Médecins du monde a consacré une conférence de presse à la prostitution, le 14 décembre, et a publié dans la foulée une note sur la santé et les droits des personnes concernées(1). L’association appelle de nouveau à « décriminaliser le travail du sexe », ce qui consisterait à ne le considérer « ni comme une infraction […] ni comme une forme de déviance ». « Cette politique est la seule qui permette de réduire les risques, même si l’on sait que l’exploitation ne disparaîtra pas », a plaidé Sabrina Sanchez, du Comité international pour les droits des travailleurs du sexe en Europe (ICRSE), invitée à la conférence.

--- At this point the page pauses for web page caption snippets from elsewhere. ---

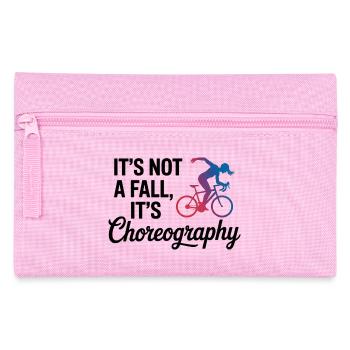 Le cyclisme artistique n’est pas une chute, c’est la chorégraphie - Trousse - rose - Devant
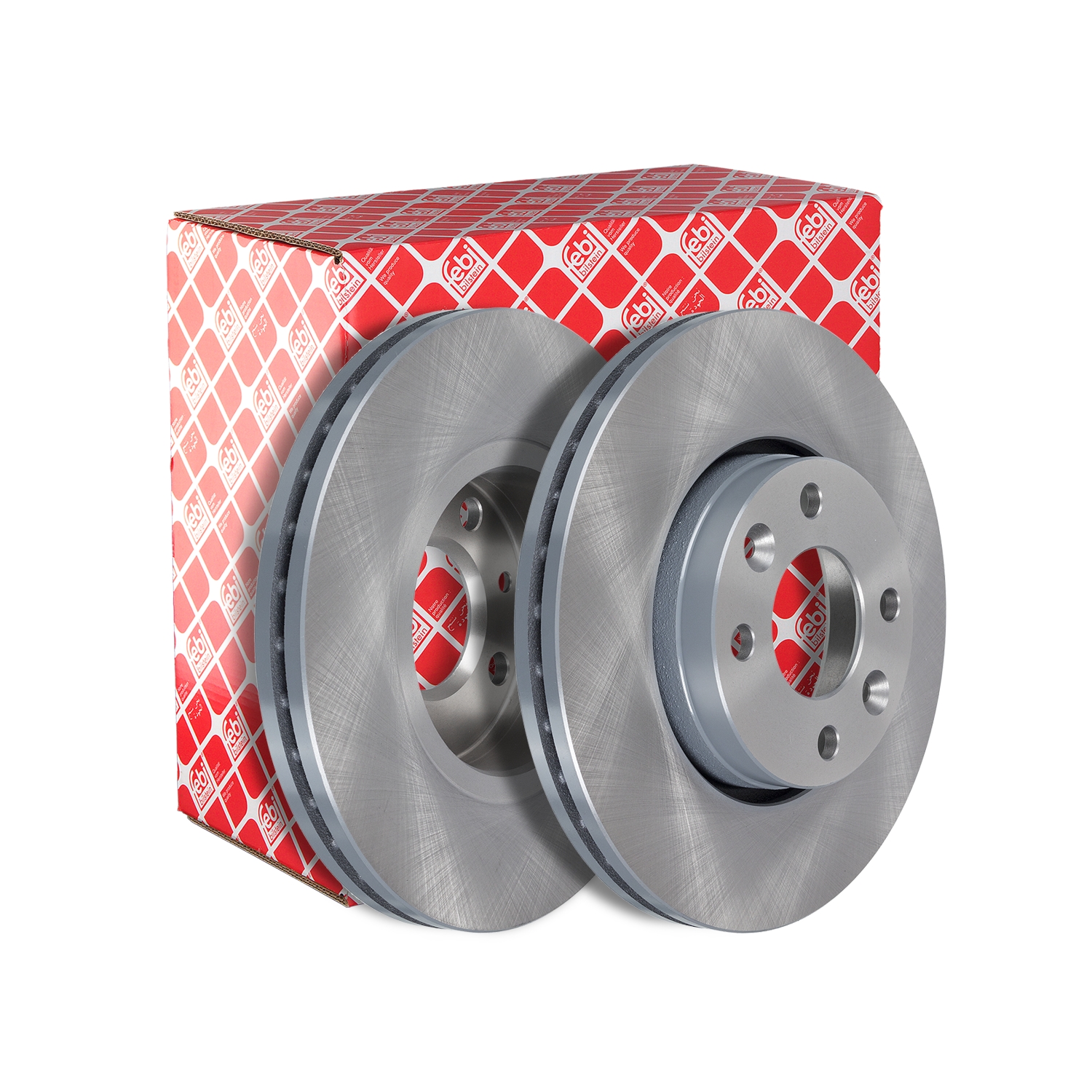 FEBI BILSTEIN vkbs0108 Vorderachse Innenbelüftet 258mm für MERCEDES-BENZ DACIA NISSAN RENAULT SMART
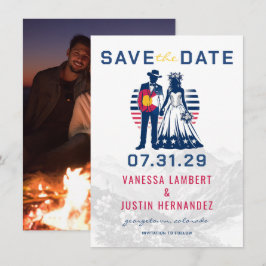 Colorado Couple Save The Date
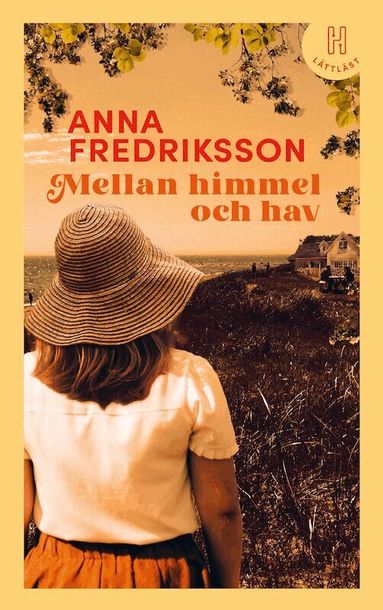 Anna Fredriksson - Mellan himmel och hav (lättläst), Kartonnage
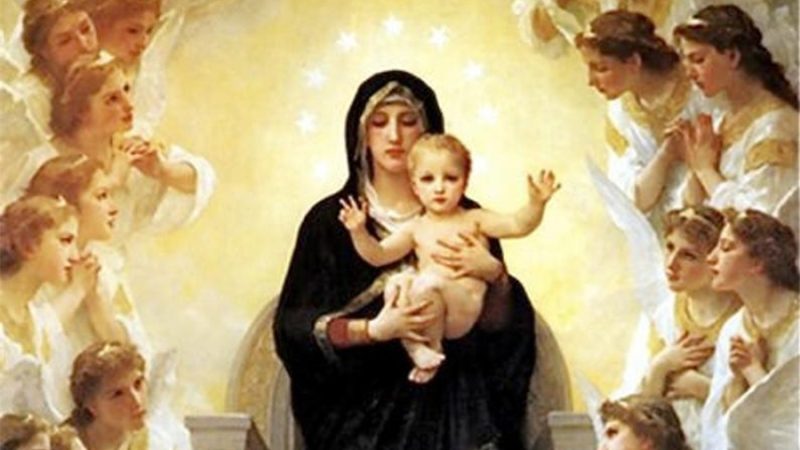 Maria, Bunda Allah dan Perbendaharaan Hati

Médecins du monde milite plus que jamais contre la pénalisation des clients introduite par la loi du 13 avril 2016 visant à renforcer la lutte contre le système prostitutionnel – qui a par ailleurs supprimé le délit de racolage(2). Plusieurs représentants d’associations décrivent, depuis l’entrée en vigueur de la loi, une montée des violences (viols, agressions physiques et psychologiques), subies par les personnes se prostituant. Dans la rue, « les négociations avec les clients sont devenues plus difficiles », car ils n’ont « pas le temps » et craignent d’être repérés par la police. Ils demandent « des lieux pas éclairés, isolés », observe Gabriella, travailleuse paire à l’association Paloma, qui vient en aide aux personnes se prostituant à Nantes. De plus en plus souvent, des intermédiaires leur proposent de travailler dans un lieu fermé (bar, restaurant, appartement…). Depuis un an, « les associations ont perdu le lien avec des travailleuses du sexe : certaines s’en vont en région, ou bien sur Internet », explique Tim Leicester, coordinateur du programme Lotus Bus de Médecins du monde, qui s’adresse aux prostituées chinoises à Paris. Avec la raréfaction des clients dans la rue, « des femmes se retrouvent sans logement, ont des difficultés d’accès à la nourriture, et on observe une multiplication des rapports non protégés », déplore Hélène Le Bail, responsable de mission « Lotus Bus ». Selon elle, l’impact de la loi se révèle pire que prévu sur le terrain.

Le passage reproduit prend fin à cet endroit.